Le quasi-usufruit : un mécanisme particulier du droit de propriété
Le quasi-usufruit est une variété particulière d’usufruit qui porte sur des choses consomptibles, c’est-à-dire celles qui se détruisent par l’usage même que l’on en fait, comme l’argent, les grains ou les boissons. Contrairement à l’usufruit classique, l’usufruitier n’est pas tenu de conserver la substance du bien. Il peut consommer librement la chose dont il a l’usufruit, mais les droits du nu-propriétaire ne disparaissent pas pour autant : ils sont reportés sur un bien équivalent. Concrètement, le nu-propriétaire devient titulaire d’une créance de restitution exigible à l’extinction de l’usufruit.
Cette particularité confère au quasi-usufruit une place importante en droit patrimonial. Il accroît les prérogatives de l’usufruitier, qui peut disposer de la chose comme s’il en était propriétaire, tout en maintenant une créance au profit du nu-propriétaire.
Le quasi-usufruit peut avoir une origine légale ou volontaire. Lorsqu’il trouve son fondement dans la loi, il s’applique notamment à l’usufruit successoral du conjoint et porte par nature sur des biens consomptibles, comme une somme d’argent comprise dans une succession. Mais il peut aussi être constitué par la volonté des parties, ce qui en fait un outil largement utilisé en gestion de patrimoine.
La convention des parties permet en effet d’investir en usufruit une personne qui n’y aurait pas droit en vertu de la loi. Ainsi, un concubin ou un partenaire pacsé peut être gratifié d’un quasi-usufruit par testament, par exemple sur des comptes bancaires.
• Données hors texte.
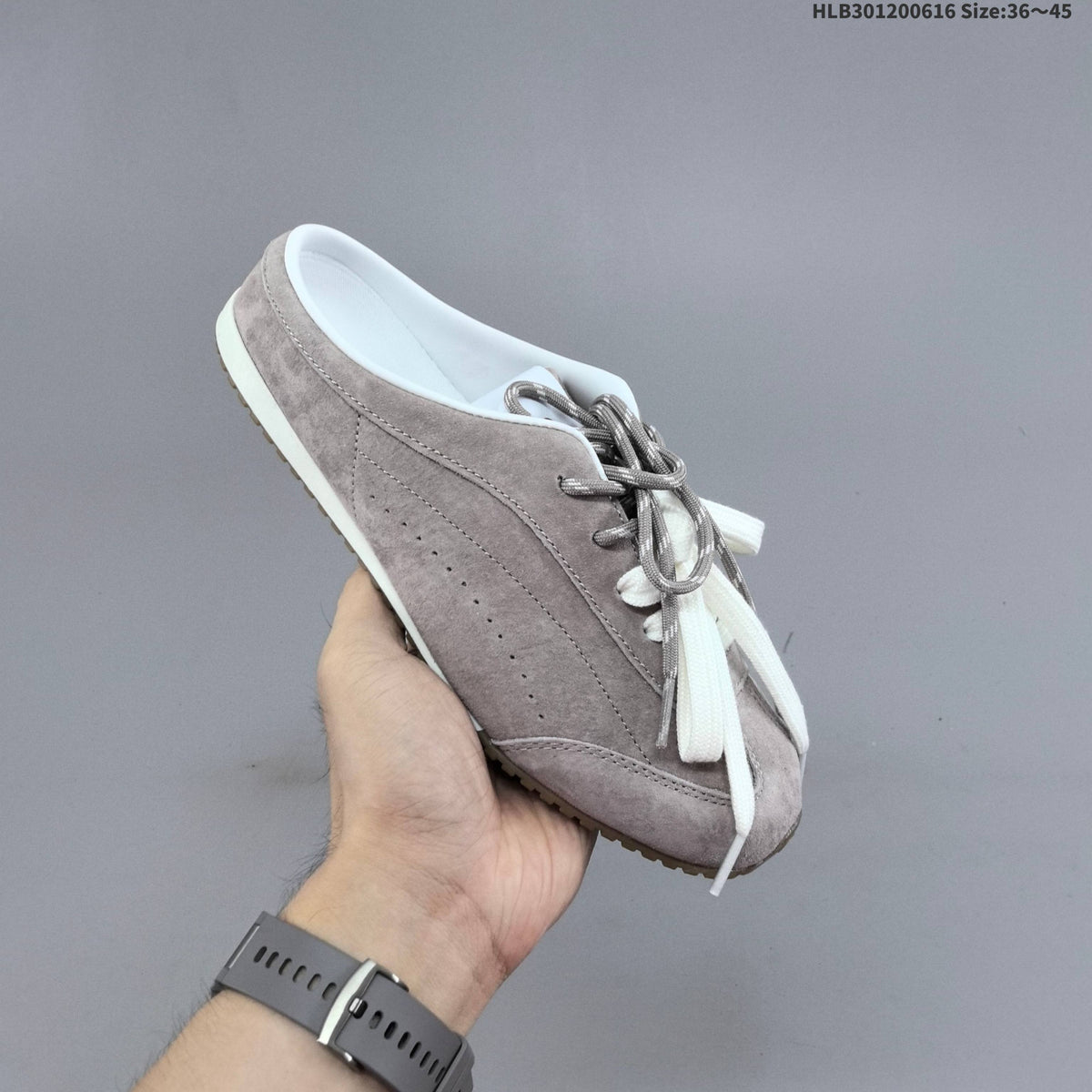 Taupe Alo Yoga Sunset Sneaker Mule - product image from the listing.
De la même manière, les époux peuvent organiser contractuellement un démembrement déjà prévu par le législateur, comme dans le cadre d’une donation entre époux précisant les obligations de l’usufruitier.
Toutefois, le recours au quasi-usufruit n’est pas neutre. En choisissant ce mécanisme, le nu-propriétaire ne conserve plus qu’un droit de créance, ce qui fragilise sa position. Cette fragilité est renforcée par l’absence de garanties automatiques. L’article 601 du Code civil prévoit que l’usufruitier doit fournir caution, sauf dispense expresse prévue dans l’acte constitutif. Or, dans les cas de réserve d’usufruit, il est fréquent que l’usufruitier en soit dispensé, ce qui réduit la sécurité juridique du nu-propriétaire. Dès lors, il est essentiel que la convention de démembrement soit rédigée par acte authentique, afin d’assurer la preuve de la créance et de protéger les droits des héritiers.
La protection du nu-propriétaire repose essentiellement sur la preuve de l’existence de sa créance de restitution ou sur la sanction de l’abus de jouissance de l’usufruitier, par exemple en cas de dilapidation ou de dégradations.
Le quasi-usufruit trouve une illustration concrète dans les stratégies successorales, notamment à travers l’assurance vie. Il est fréquent qu’un assuré désigne son conjoint comme bénéficiaire en quasi-usufruit et ses enfants comme nus-propriétaires. Dans ce cas, le conjoint survivant jouit librement des capitaux comme s’il en était propriétaire, tandis que les enfants, au décès du conjoint, deviennent créanciers de la succession pour un montant équivalent à la valeur reçue.
Sur le plan fiscal, la dette de restitution attachée au quasi-usufruit constitue un passif successoral déductible. L’article 768 et l’article 773, 2° du Code général des impôts, ainsi que la jurisprudence de la Cour de cassation (Com., 4 décembre 1984, n° 9105 et Com., 6 mai 1991, n° 89-18815), confirment ce principe. Toutefois, la déductibilité est soumise à des conditions strictes. La dette doit avoir été constatée par acte authentique, ou par acte sous seing privé ayant date certaine antérieure à l’ouverture de la succession. De plus, les héritiers doivent établir la sincérité de la dette et prouver son existence effective au jour de la succession.
Le quasi-usufruit apparaît ainsi comme un outil souple et puissant d’organisation patrimoniale et successorale. Il permet de concilier la protection du conjoint survivant, qui bénéficie d’une jouissance élargie des biens, avec les droits des enfants nus-propriétaires qui disposent d’une créance de restitution. Mais il exige rigueur et précaution dans sa mise en place, afin de garantir la sécurité juridique et fiscale de l’opération.